Hoofdstuk 12

Vijf minuten later kwam Harry terug. Hij gooide de mantel over hen heen.

'Weet je ik vind het altijd erg gezellig zo onder die mantel.'

'A, ja?'

'Ja, ik vind dat het een soort vrijheid geeft, omdat niemand anders ons kan zien.'

Harry grijnsde en gaf Sarah een lange, diepe kus. Er kuchtte iemand.

Ze draaiden zich om en zagen Perkamentus staan.

'Oeps.' Slikte Harry en Sarah werd knalrood.

Perkamentus had pretlichtjes in zijn ogen. 'Goedenavond.' Mompelde hij.

Ze liepen verder naar de kamer van Hoge Nood.

Harry keek eerst op de Sluipwegwijzer of er niemand in de buurt was en haalde dan de mantel van hen af. Hij liep een paar keer heen en weer en de deur verscheen weer. Ze gingen binnen.

'Hé, dit is niet dezelfde kamer.' Merkte Sarah op.

'Nee, je had toch warmte nodig.' Hij wees naar het reusachtige bubbelbad.

'Sorry, ik heb geen zwemkledij bij.'

'Kijk eens in die kast.' Sarah vond er een paar prachtige bikini's.

'Ik ga me niet voor jou omkleden.' Harry wees naar twee kleedhokjes.

'Oké dan…' Sarah liep een kleedhokje binnen.

Harry koos een zwemshort en ging het andere binnen.

Tien minuten later stond Harry op Sarah te wachten.

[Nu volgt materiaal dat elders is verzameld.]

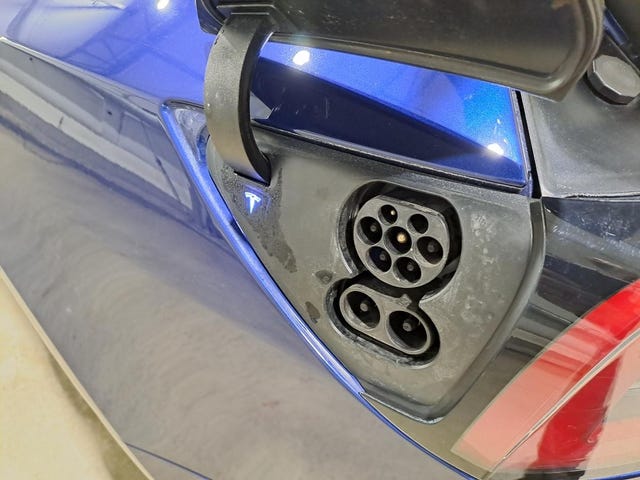2019 TESLA MODEL 3 - 39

'Waarom duurt het zolang?'

'Ik durf niet naar buiten komen.'

'Waarom niet?'

'Wel, zo een bikini is tamelijk… bloot.'

Er verscheen een brede glimlach op Harry's gezicht.

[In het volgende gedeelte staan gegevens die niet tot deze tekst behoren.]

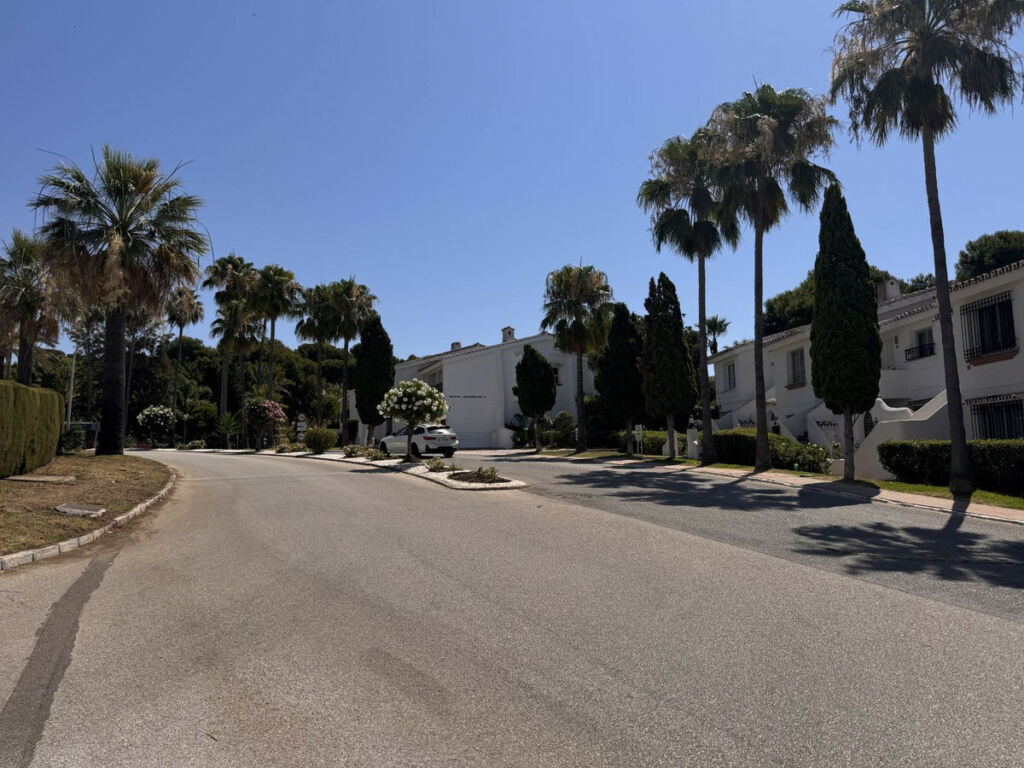 Detached Villa Miraflores Málaga - image 30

'Je hoeft je voor mij niet te schamen hoor.'

De deur van het hokje ging langzaam open. Harry stond oog in oog met een halfnaakte Sarah.

Hij staarde haar met open mond aan. Ze werd er rood van.

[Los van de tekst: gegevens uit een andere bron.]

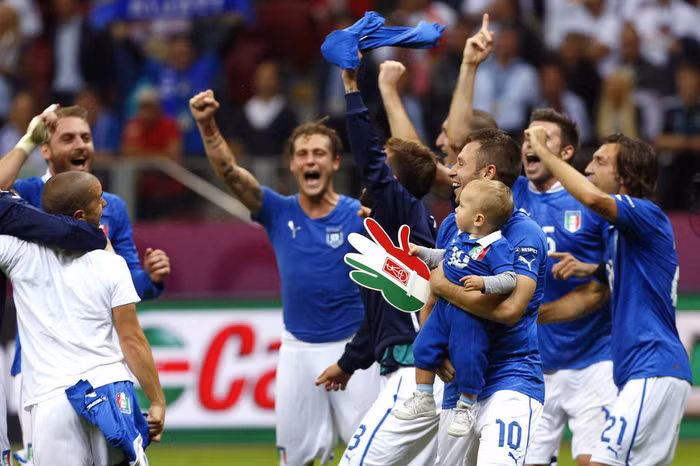 ...cùng đồng đội ăn mừng chiến thắng 2-0 của Italia trước Đức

'Ik vind het maar frisjes zo, zullen we in het bubbelbad gaan?'

Harry deed zijn mond dicht. 'Uh…oké.' Stamelde hij.

Sarah liet zich langzaam in het bad glijden.

'Kom jij niet? Het water is heerlijk.'

Hij staarde nog steeds voor zich uit.

'Harry!' Hij schrok wakker.

'Tisser?'

'Kom je nog?'

'O, ja.' Harry sprong in het bubbelbad.

'Hé! Rustig aan Harry.'

'Wauw.'

'Wat?'

'Gewoon.'

'Gewoon wat?'

'Jij.'

'Ik?'

'Ja, jij!'

'Wat is er dan met mij?'

'Ik had nooit gedacht dat jij zo was.'

'Dat ik hoe was, Harry?'

'Zo.'

'Harry!' Sarah duwde zijn hoofd onder water.

'Hey! Straks verdrink ik nog.'

'Dan zou ik je mond-op-mond beademing geven.'

'In dat geval, mag je me gerust doen verdrinken.'

Harry zwom naar de overkant van het bad.

Daar was een inham waarin je kon zitten zonder uit het bubbelbad te gaan.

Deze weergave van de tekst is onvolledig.